Une cellule immunitaire de secours prend le relais quand la cellule habituelle est absente
Pendant des années, les scientifiques pensaient qu'un type spécifique de cellule dendritique appelé cDC1 était essentiel pour que les vaccins à ARNm contre le cancer déclenchent une forte attaque des cellules T contre les tumeurs. La nouvelle étude, publiée dans Nature, a testé cette idée sur des souris. Lorsque les chercheurs ont retiré les cellules cDC1, les vaccins ont quand même fonctionné. Une autre cellule dendritique étroitement apparentée a pris le relais et lancé une puissante réponse antitumorale.
Comment les vaccins entraînent le système immunitaire
Les vaccins à ARNm contre le cancer fonctionnent en délivrant des instructions génétiques qui disent aux cellules immunitaires de produire de petits fragments de protéines.

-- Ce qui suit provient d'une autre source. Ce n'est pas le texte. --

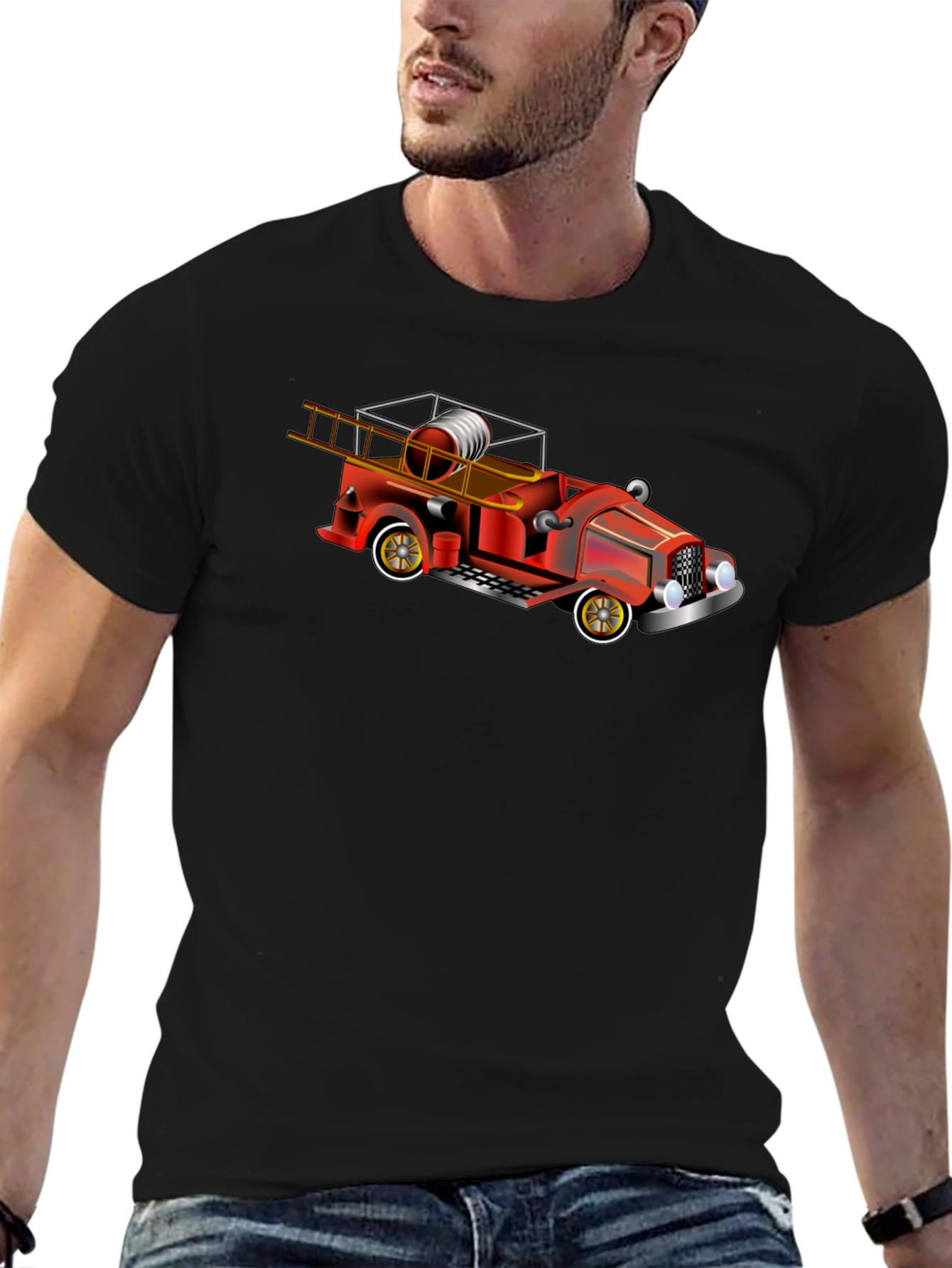 Vintage Fire Engine T-Shirt - Classic Truck Tee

Ces fragments entraînent les cellules T à reconnaître et détruire les cellules cancéreuses tout en épargnant les tissus sains. Les cellules dendritiques sont au cœur de ce processus. Elles produisent les fragments de protéines à partir de l'ARNm et les présentent aux cellules T. La découverte qu'une cellule dendritique de secours peut faire ce travail en l'absence de cDC1 donne aux développeurs de vaccins de nouvelles options.
Pourquoi cela compte pour les futurs traitements
L'étude a été dirigée par l'auteur principal Kenneth M. Murphy, MD, PhD, professeur de pathologie et d'immunologie à WashU Medicine et membre de recherche au Siteman Cancer Center. Murphy a déclaré que les résultats offrent aux développeurs de vaccins des informations mécanistiques supplémentaires à prendre en compte alors qu'ils travaillent à optimiser ces vaccins contre les protéines tumorales. Des vaccins expérimentaux à ARNm contre le cancer sont déjà testés contre le mélanome, le cancer du poumon à petites cellules, le cancer de la vessie et d'autres cancers. Comprendre quelles cellules immunitaires sont impliquées et comment elles coordonnent la réponse pourrait aider les chercheurs à concevoir des vaccins plus efficaces et à adapter les traitements pour de meilleurs résultats pour les patients.